Maritza Ruiz-Kim

Artist, San Francisco Bay Area

Chutes & Ladders Life

So many ups & downs.

A bit more blood today. Still considered spotting.
But it sent me reeling with, “I’m probably not pregnant.”
Because I had another negative stick test today.  7 days of urine stick tests, six of which were totally negative, one of which had a blue tinge. I am actually only laying on the couch today, in bedrest position, because what if I actually am pregnant, and the bit of extra bleeding was because I was on my feet so much yesterday?
Well, apart from all the reasons why I would be or why I wouldn’t be, I have to say, I cried hard today. Because, I was perfectly happy with just two kids, at least inasmuch as I was looking forward to a trip to Europe sans kids, and thinking of teaching art classes from my home this Fall, and entering juried exhibitions to get my feet wet in doing my artwork again, and I generally had a life beginning to develop outside of child rearing, and that was exciting.
Then this happened, and it’s rocked my world. Why have one accidental night AND be NINE days late and STILL have negative pregnancy tests? Why be on this ride?
And how stupid I will feel if this becomes a period. All free-flowing, and here I am bed-resting to protect a non-existent cell baby. I generally feel it’s healthy to talk about what’s going on in one’s life, and so I talk about things more than not. However, I still have a thing for grieving on my own, or hurting alone, I mean, I need some space to figure out right from left, up from down, when my world is topsy turvy.
Anyway, Enn is waiting to play Chutes & Ladders with me. Here I go!

2 Replies to “Chutes & Ladders Life”

  • Chutes and Ladders indeed — this late cycle has got you (and me!) on pins and needles. It is interesting how it’s sent you into a tailspin. But I don’t want to accidentally encourage you here into getting pregnant (if you aren’t now), just because I want a TTC-buddy. Anyway, I’m just noticing how you have fallen so in love with a potential zygote, and wondering if that might be the message in this whole thing.
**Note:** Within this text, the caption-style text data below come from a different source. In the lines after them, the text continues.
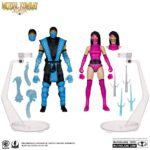 Mortal Kombat Action Figure 2-Pack Sub-Zero vs. Mileena (Klassiks) 18 cm - immagine 3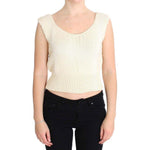 PINK MEMORIES Beige Sleeveless Knit Vest Sweater PINK MEMORIES Black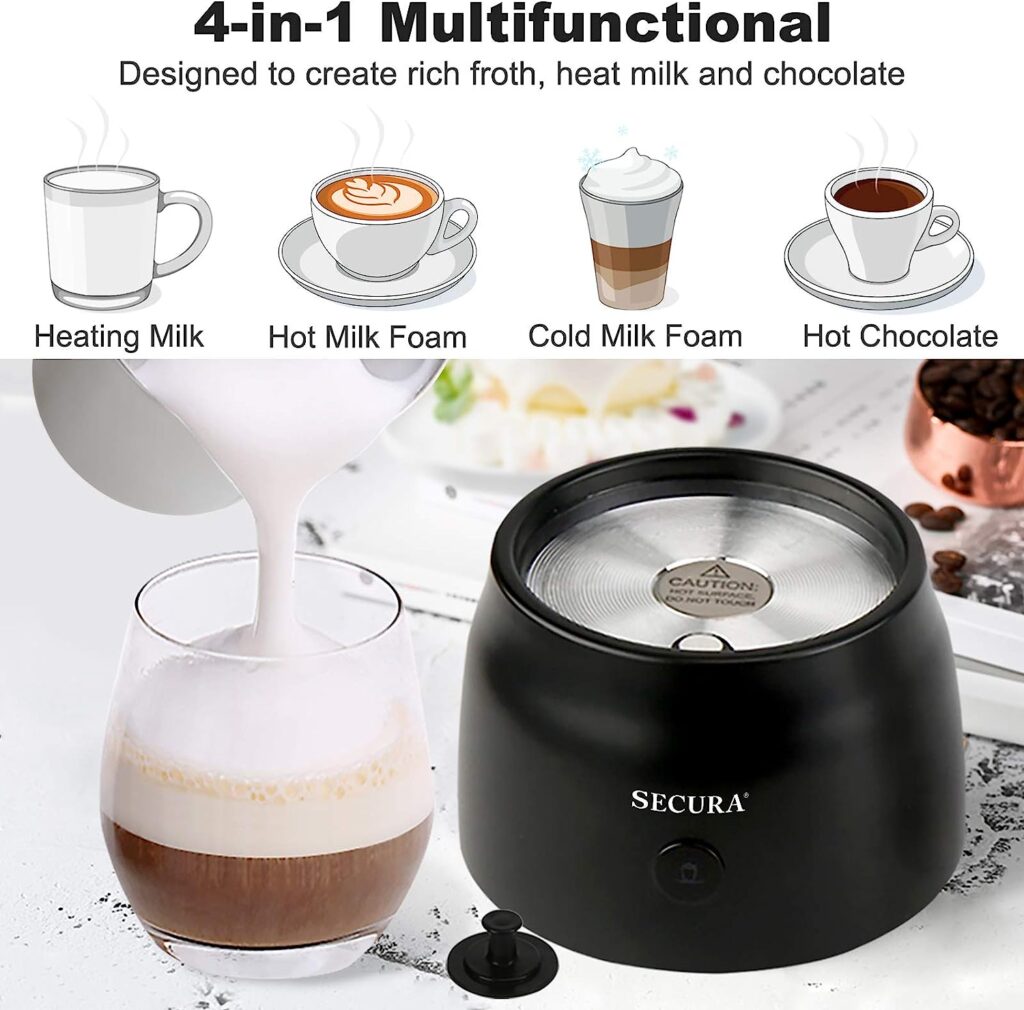 Secura Detachable Milk Frother Review Crank and Brew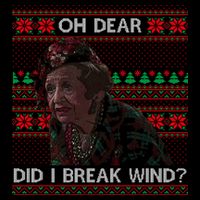 Oh Dear Did I Break Wind Funny Ugly Christmas Impact Tech Backpack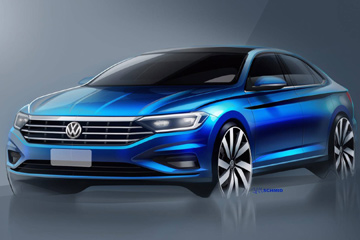 Новые изображения Volkswagen Jetta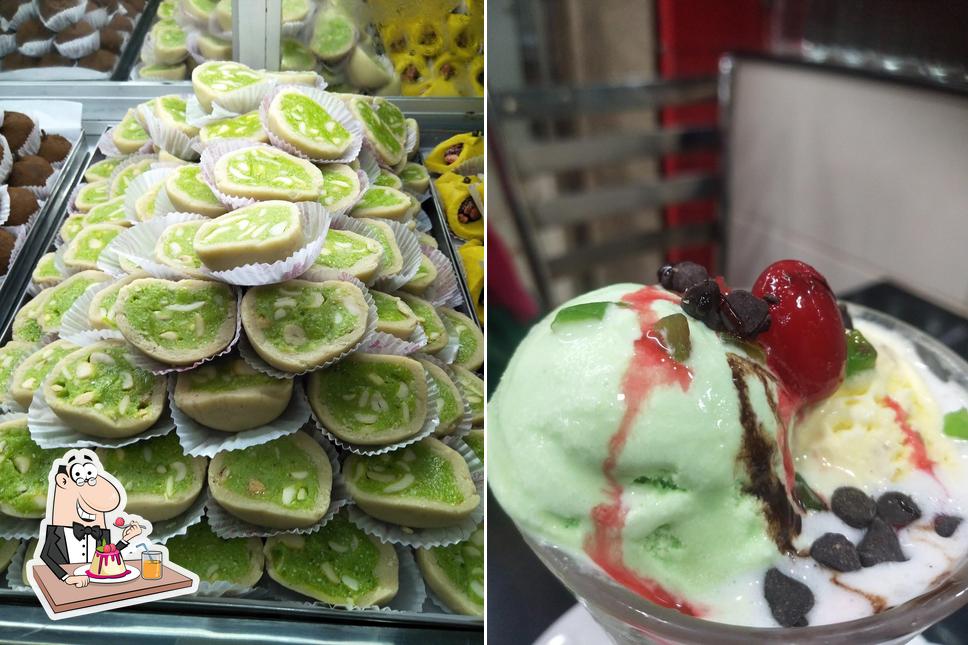 Enjoy one of the sweet dishes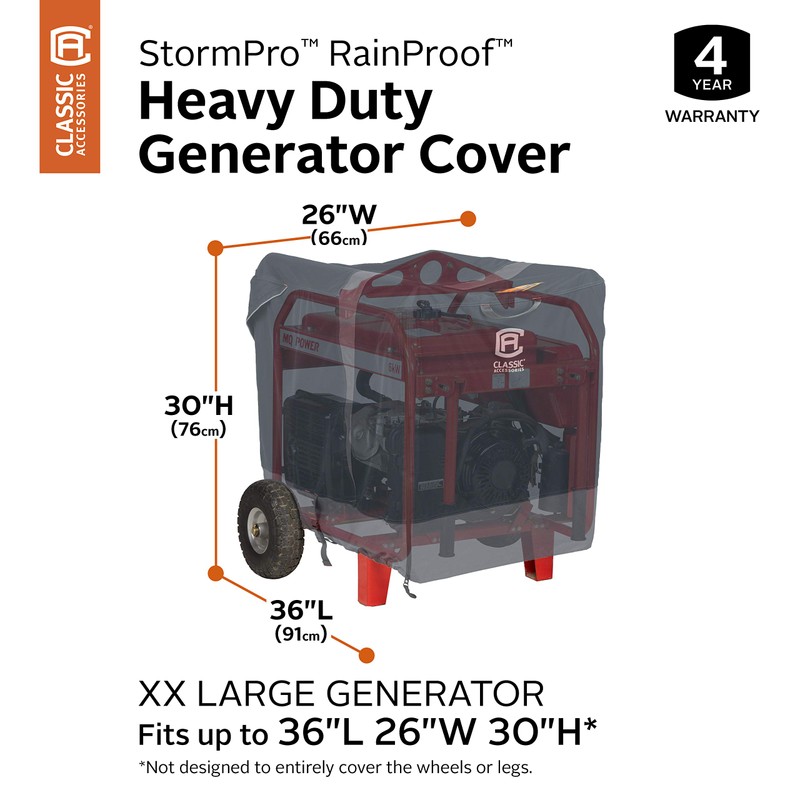 Classic Accessories StormPro Waterproof 36 Inch 7,000 Watt Heavy-Duty Generator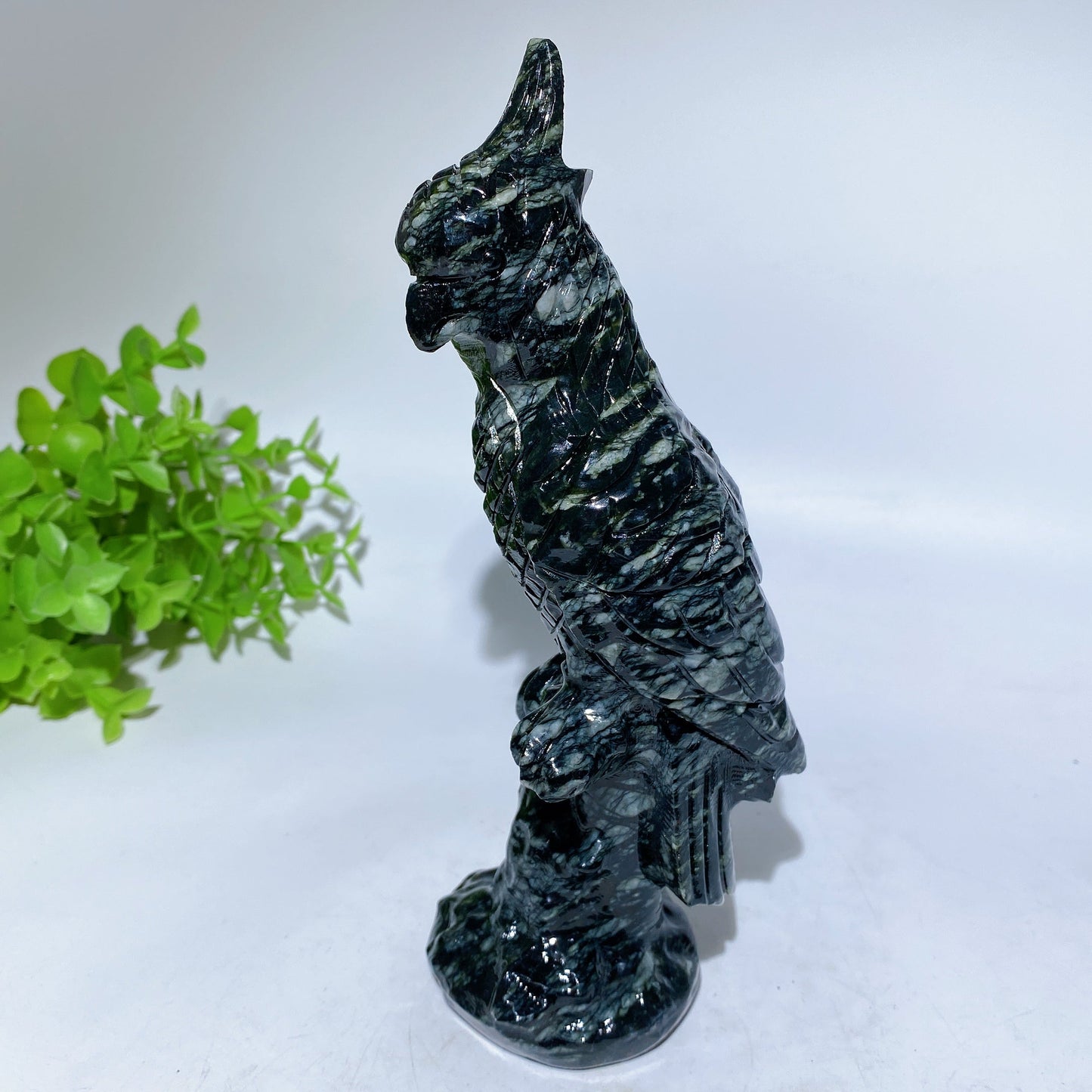 20cm Jade Parrot Crystal Healing Carving Bulk Wholesale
    Also, we’re going to have to work on Z. and the babies, before you might add to your family.Now that he’s a little man with his haircut and everything, he’s ready to tackle “being gentle with the babes.”

  • As much as I poke fun at you I know this IS really hard. It’s really a huge deal, life changing, and I don’t think you are acting difrently than most people would. I hope soon you will have more solid answers.